Le centinaia di migliaia di riformisti scesi ieri nelle strade di Teheran hanno tutte le ragioni a non fidarsi della decisione della Guida suprema Khamenei di sottoporre l'esito delle elezioni al Consiglio dei guardiani. Il Consiglio, infatti, è uno degli organismi più conservatori del regime e fa certamente parte del grande complotto che, secondo una ricostruzione che sta prendendo forma in queste ore, ha portato alla rielezione di Ahmadinejad. Domenica abbiamo scritto che ci sembrava inverosimile che il governo fosse riuscito a fabbricare in una notte i dieci milioni di schede che hanno diviso il presidente da Moussavi. Siamo stati ingenui: secondo le rivelazioni di un dipendente del ministero degli Interni al giornalista americano Roger Cohen, in realtà le schede non sarebbero mai state contate e il risultato (63% Ahmadinejad, 34% Moussavi) sarebbe stato predeterminato in partenza. Almeno due indizi sembrano confermare questa tesi: anzitutto, solo i dipendenti del ministero di provata fedeltà sono stati ammessi nell'ufficio elettorale centrale nella notte degli scrutini; in secondo luogo, i dati rilasciati dal ministero a mano a mano che - secondo la versione ufficiale - i voti venivano contati non presentano quasi nessuna variazione, che i dati provenissero da città e province fedeli ad Ahmadinejad o simpatizzanti di Moussavi.
Secondo questa ricostruzione, fino a dieci giorni fa Khamenei era persuaso che Ahmadinejad ce l'avrebbe fatta con le sue forze e che pertanto si poteva lasciare che le elezioni si svolgessero liberamente.
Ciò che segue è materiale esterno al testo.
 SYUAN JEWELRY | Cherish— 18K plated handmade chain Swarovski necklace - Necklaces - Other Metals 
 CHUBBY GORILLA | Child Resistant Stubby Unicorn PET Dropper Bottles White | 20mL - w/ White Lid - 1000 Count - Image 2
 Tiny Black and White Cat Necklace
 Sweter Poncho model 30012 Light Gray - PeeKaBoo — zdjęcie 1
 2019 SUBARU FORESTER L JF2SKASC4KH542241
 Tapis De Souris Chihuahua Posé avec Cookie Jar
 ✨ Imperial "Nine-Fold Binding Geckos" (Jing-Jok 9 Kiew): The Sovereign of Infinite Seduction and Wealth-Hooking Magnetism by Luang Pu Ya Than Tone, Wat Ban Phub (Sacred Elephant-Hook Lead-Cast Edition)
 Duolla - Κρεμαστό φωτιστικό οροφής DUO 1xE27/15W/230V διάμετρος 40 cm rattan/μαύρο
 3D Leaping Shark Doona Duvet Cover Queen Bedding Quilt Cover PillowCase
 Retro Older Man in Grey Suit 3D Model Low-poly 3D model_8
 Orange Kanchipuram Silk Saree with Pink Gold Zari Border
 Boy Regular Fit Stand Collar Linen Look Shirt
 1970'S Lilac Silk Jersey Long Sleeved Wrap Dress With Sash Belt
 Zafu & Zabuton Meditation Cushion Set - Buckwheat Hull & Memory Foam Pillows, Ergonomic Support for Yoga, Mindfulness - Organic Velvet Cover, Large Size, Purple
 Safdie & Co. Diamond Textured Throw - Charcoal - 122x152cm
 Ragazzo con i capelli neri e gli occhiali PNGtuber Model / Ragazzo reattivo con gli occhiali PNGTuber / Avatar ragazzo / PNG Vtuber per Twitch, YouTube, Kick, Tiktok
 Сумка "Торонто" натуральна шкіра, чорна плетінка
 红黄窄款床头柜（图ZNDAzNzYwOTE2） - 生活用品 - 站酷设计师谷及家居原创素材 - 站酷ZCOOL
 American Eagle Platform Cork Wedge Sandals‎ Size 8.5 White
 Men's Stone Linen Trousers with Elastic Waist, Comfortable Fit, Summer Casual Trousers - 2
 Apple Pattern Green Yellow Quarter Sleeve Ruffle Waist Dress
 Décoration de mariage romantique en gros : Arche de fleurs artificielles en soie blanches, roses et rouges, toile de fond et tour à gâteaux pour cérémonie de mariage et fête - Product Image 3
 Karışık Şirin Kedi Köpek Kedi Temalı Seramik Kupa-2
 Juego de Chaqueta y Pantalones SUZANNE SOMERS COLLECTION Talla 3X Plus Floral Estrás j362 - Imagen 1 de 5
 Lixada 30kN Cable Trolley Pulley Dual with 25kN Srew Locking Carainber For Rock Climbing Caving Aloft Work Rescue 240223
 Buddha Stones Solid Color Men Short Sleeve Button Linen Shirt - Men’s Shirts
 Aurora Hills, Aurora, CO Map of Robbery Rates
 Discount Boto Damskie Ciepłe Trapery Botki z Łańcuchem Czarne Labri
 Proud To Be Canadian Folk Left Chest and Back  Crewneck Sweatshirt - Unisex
Ma, dopo che ha visto crescere impetuosamente nelle strade di Teheran la presenza dei sostenitori di Moussavi, ha ascoltato i suoi discorsi sempre più eretici in materia di rapporti con l'occidente e diritti delle donne e ha preso atto della nascita di un'alleanza di ferro tra lo stesso Moussavi e gli ex presidenti Khatami e Rafsanjani, avrebbe dato ordine non solo di assicurare la vittoria di Ahmadinejad, ma di fornirgli anche una maggioranza schiacciante che gli conferisse un mandato assoluto, senza necessità di compromessi. I suoi fedelissimi sarebbero allora ricorsi a un metodo a suo tempo in voga solo in alcuni Paesi comunisti, quando servivano le famose maggioranze "bulgare": quello di ignorare il responso delle urne e fornire cifre di fantasia. Solo così si spiega, secondo gli analisti, come mai una elezioni che tutti consideravano incertissima si sia in realtà risolta in un "cappotto".
Khamenei avrebbe agito in base a due timori: da un lato, che l'elezione di un presidente riformista sull'onda di imponenti dimostrazioni di piazza portasse - nonostante il suo ferreo controllo - a unautentica svolta sia in politica estera sia in politica interna; dall'altro, che, sulla spinta del mandato popolare, il nuovo presidente accogliesse le profferte di dialogo di Barack Obama e rimettesse così in discussione la politica egemonica di Teheran nel Medio Oriente.